We all know about Wikipedia, the ubiquitous online encyclopedia of, well, everything.  A collaborative effort of thousands of experts and lay-experts who add and edit entries within their own areas of expertise, Wikipedia has overcome the few small accuracy questions raised about a tiny percentage of its content through an overall accuracy that rivals any other online information source.  While many people highlight the user-editing component to suggest it can be abused through malicious misinformation or simply accidental errors, they forget that the same mechanism also corrects for accuracy at the same time.  Because of the wide range of users, nearly every topic is of interest to someone, and so malicious or erroneous entries are usually identified and corrected very quickly.  While its certainly possible to post incorrect entries, if those entries are on a subject of any interest to others, the errors will be found and corrected quickly … if they aren’t of interest to others, the mis-information isn’t likely to cause much of a problem, lol.  Its not a perfect system, but neither is Britannica’s fact checking system … errors are regularly uncovered in its entries, at no lower rate than Wikipedia.

But Wikipedia is only the biggest and the brightest of the “Wikis” out there today.  Essentially, a wiki is a set of software that allows web-surfers to easily add and edit content on a website or other information source.  Wikipedia is the most prolific example of it on today’s internet, but there are literally thousands of other wikis out there to explore, some that attempt to cast as wide a net as Wikipedia, and some whose scope is very narrow.  The key characteristics of current modern wikis seems to be that, beyond the user-editing features, they warehouse, store and display information of importance to someone.  In essence, they are a form of online information database that is open to all of us, not just to use, but to improve and maintain.

If you have a specific interest in something, there is almost certainly a wiki out there about it where you will find not only information about your interest, but other people who are interested and knowledgeable about the subject.  Its no surprise that groups like Trekkers or science enthusiasts make such full use of a new tool like wikis … what is perhaps more surprising is that other subjects as diverse as basketball and motorcycles have their own wikis.

What prompted this post is a particular “wiki-farm” I found (a wiki-farm is a place that houses multiple wikis on different topics … a meta-wiki if you prefer, or wiki of wikis).  Wikia.com covers a wide range of subjects … I initially stumbled onto it through Memory-Alpha, one of the Star Wikis on Wikia.com.  Memory-Alpha is the best Star Trek related information site I have come across, outside of the “official” Paramount Star Trek universe.  The completeness of the database is stunning … I’ve yet to find a query where it doesn’t have some information.  For any of you Trekkers out there, Memory-Alpha is an excellent resource to have in your favorites list, but its not actually the purpose of this post, yet.

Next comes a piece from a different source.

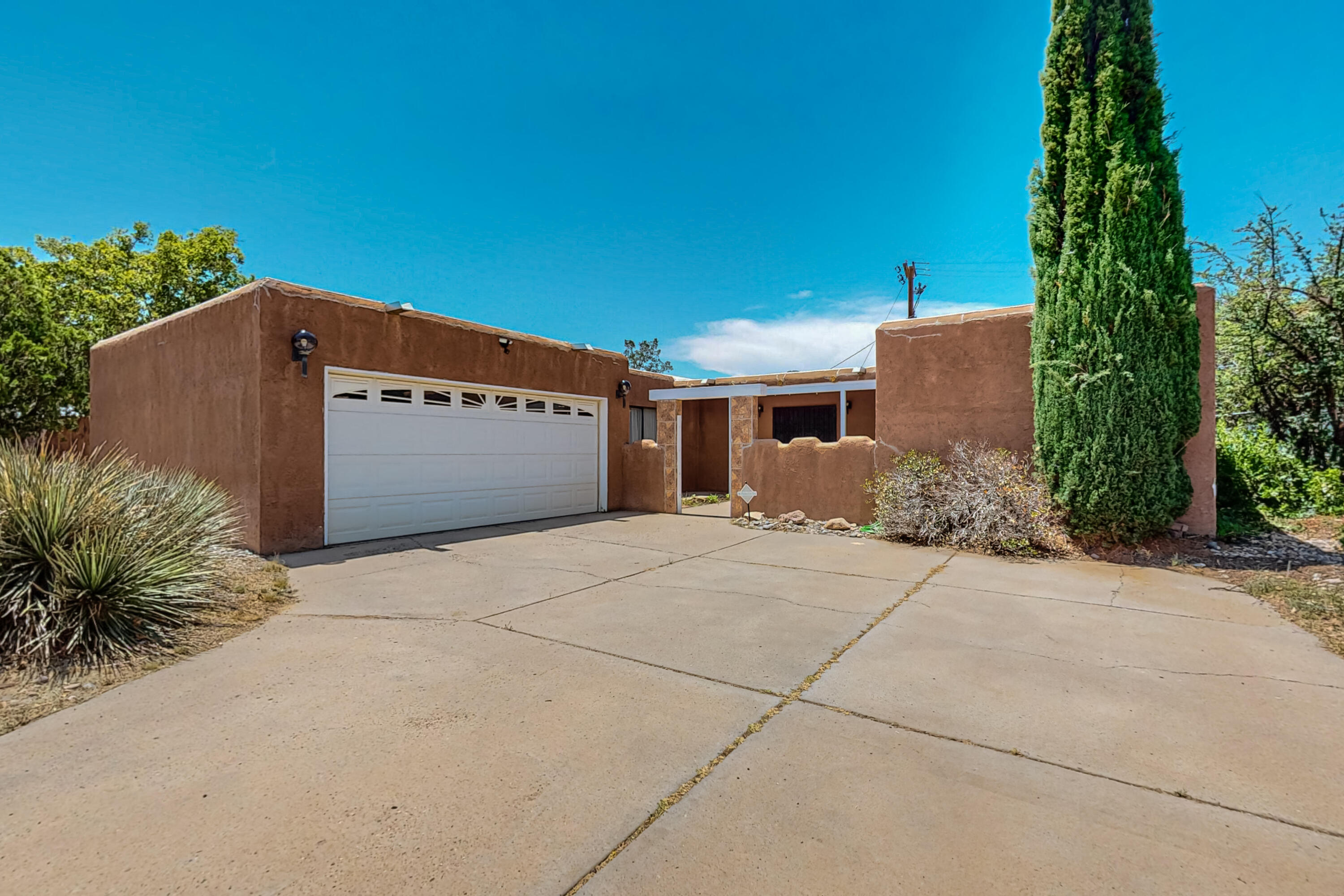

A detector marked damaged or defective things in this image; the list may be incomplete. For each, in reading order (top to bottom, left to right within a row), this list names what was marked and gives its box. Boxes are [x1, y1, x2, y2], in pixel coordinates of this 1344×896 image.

Poking around Memory-Alpha led me back to the main site, Wikia.com, and from there, I found the Alternate History Wiki, a fascinating little project where people imagine branch-off points from known history for Alternate Histories.  Some are quite small and minimal entries, but others are actually quite elaborate … some are played for laughs, but others are very serious considerations of certain events and their consequences.  It may not be to everyone’s tastes, but I found it fascinating, and I’m still looking through it.

Its an interesting new web out there, and one of the most interesting aspects of it is wikis.  They are a combination of social and information software, allowing real-world collaboration in a virtual setting for essentially the first time and I think we are only know starting to scratch the surface of what wiki-based software can and will do in the future.